Would you print the listing that follows exactly, but without its pictures?

■ Provided data:
####################

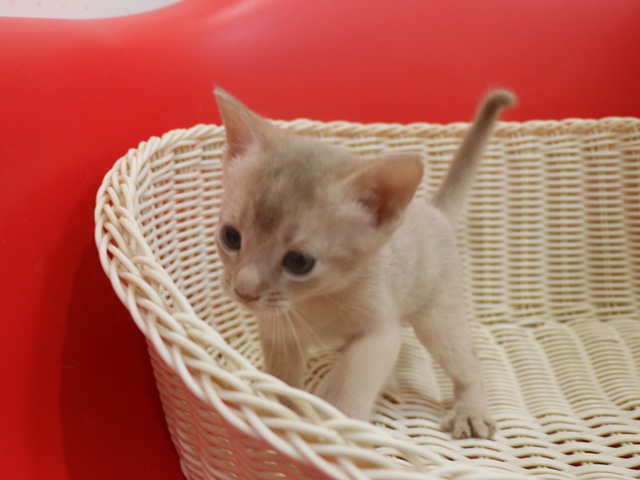 アビシニアンの子猫画像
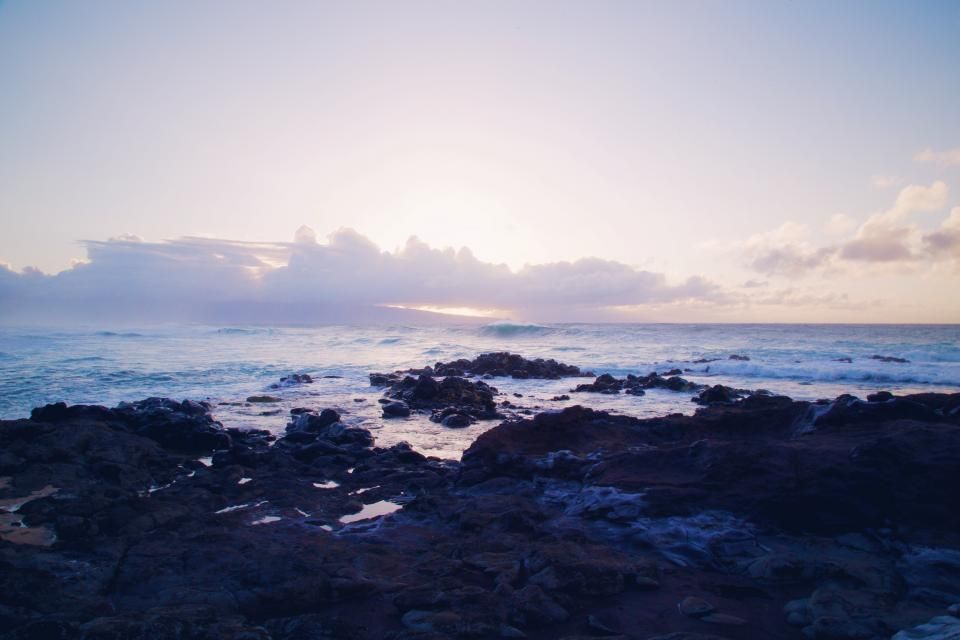 The beach and the water beyond it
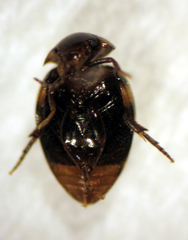 Noteucinetus nunni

####################

■ Response to the exercise:
 アビシニアンの子猫画像
 The beach and the water beyond it
 Noteucinetus nunni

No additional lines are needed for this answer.